Christine Sine April 30, 2015 - 8:09 am

Cooking is one of those creative arts that we highly underrate these days – I agree with you this is a wonderful spiritual practice we need to nurture

Rebecca Sumner May 1, 2015 - 4:22 pm

I love the idea of praying while cooking. Such a tangibly sacred act. I used to bake our communion bread and I had sort of a liturgy of kneading – praying for the leaven as a symbol of the people.
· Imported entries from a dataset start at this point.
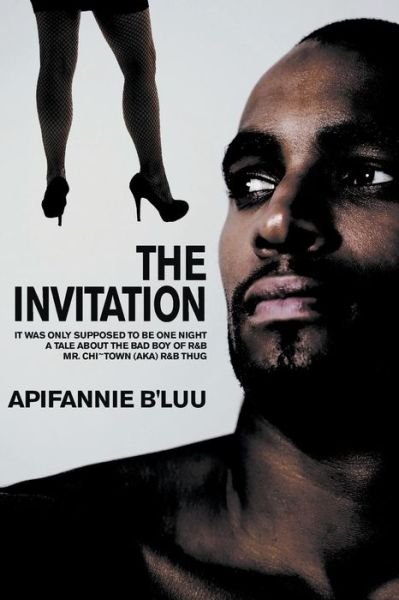 Cover for Apifannie B'Luu · The Invitation: It Was Only Supposed to Be One Night - A Tale about the Bad Boy of R&amp;B, Mr. Chi Town (Aka) R&amp;B Thug (Pocketbok) (2014)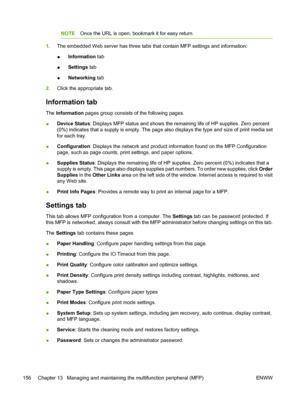 Page 170NOTEOnce the URL is open, bookmark it for easy return.
1.The embedded Web server has three tabs that contain MFP settings and information:
●Information tab
●Settings tab
●Networking tab
2.Click the appropriate tab.
Information tab
The Information pages group consists of the following pages.
●Device Status: Displays MFP status and shows the remaining life of HP supplies. Zero percent
(0%) indicates that a supply is empty. The page also displays the type and size of print media set
for each tray....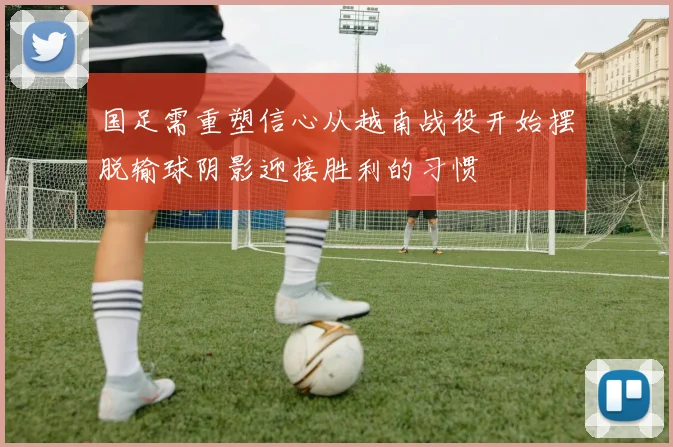 国足需重塑信心从越南战役开始摆脱输球阴影迎接胜利的习惯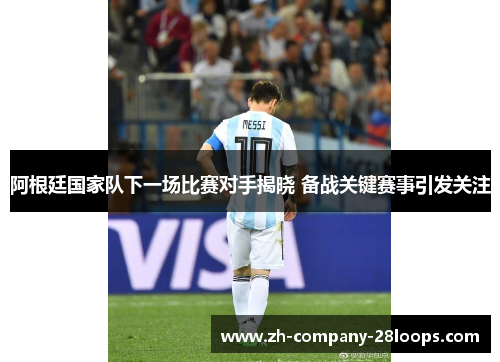 阿根廷国家队下一场比赛对手揭晓 备战关键赛事引发关注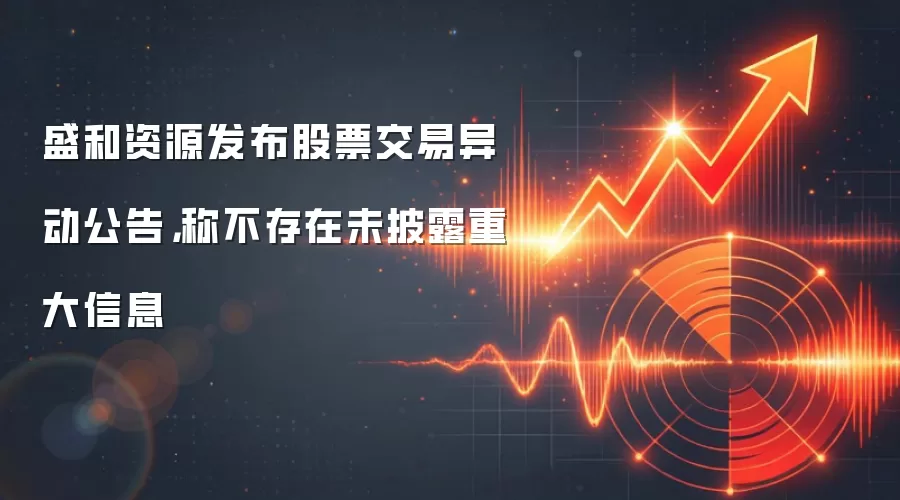 盛和资源发布股票交易异动公告，称不存在未披露重大信息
Christine Sine May 1, 2015 - 5:50 pm

Yes I think that cooking is a common sacramental moment for people they have just rarely been taught to identify it and making the communion bread sounds even more profound

Fay Williams April 30, 2015 - 9:54 am

When Alan passed away I had no idea how to have healthy grief since the western culture we don’t have set ways to mourn like tribal people do. I prayed: “Lord, I’m not sure how to do this. Help me to grieve well. Help me to roll with the punches and please keep weird religious people away from me.”
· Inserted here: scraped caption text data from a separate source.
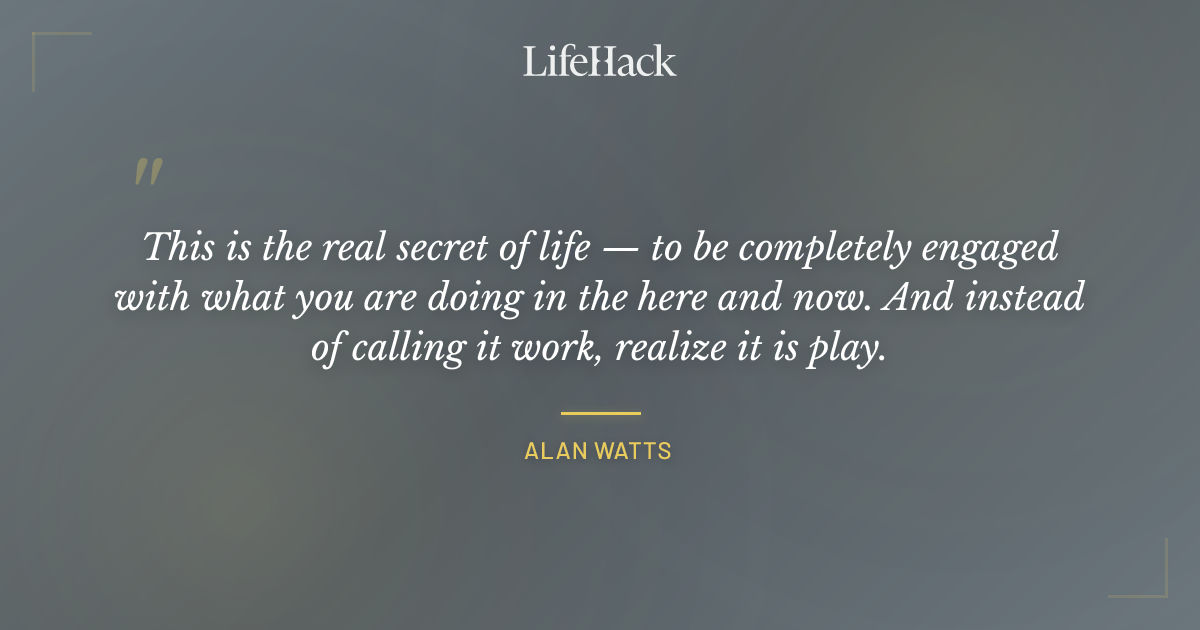 Quote by Alan Watts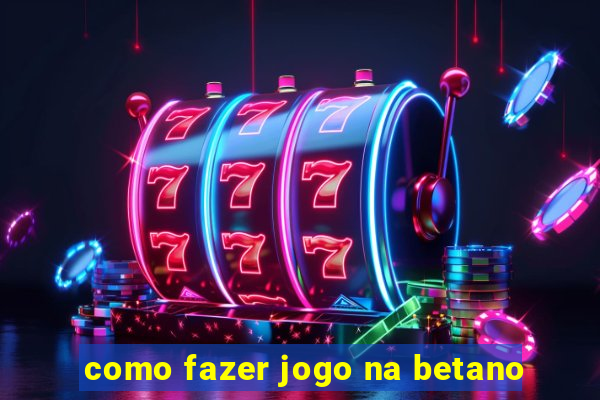 como fazer jogo na betano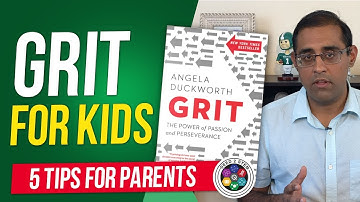 Grit For Kids: (Angela Duckworth 5 Tips For Parents)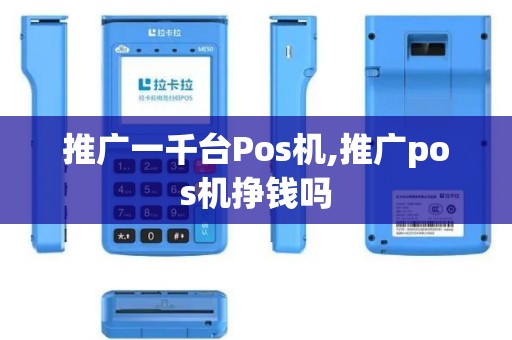 推广一千台Pos机,推广pos机挣钱吗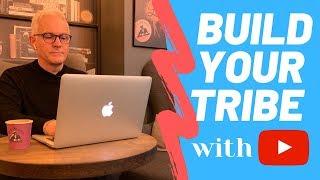 How To Build Your Tribe With YouTube Video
Christine Sine April 30, 2015 - 11:45 am

Your right Fay – we do not have good ways to mourn. When our prayers are only in our heads it does not help us connect to the pain we suffer and the heartache we bear.

Getting Creative with Prayer | Napkinwriter May 1, 2015 - 9:46 am

[…] Get Creative With Our Prayers Christine Sine https://godspacelight.com/2015/04/30/lets-get-creative-with-our-prayers Its time to stir our imaginations and creativity and learn to pray in new ways. Our imagination […]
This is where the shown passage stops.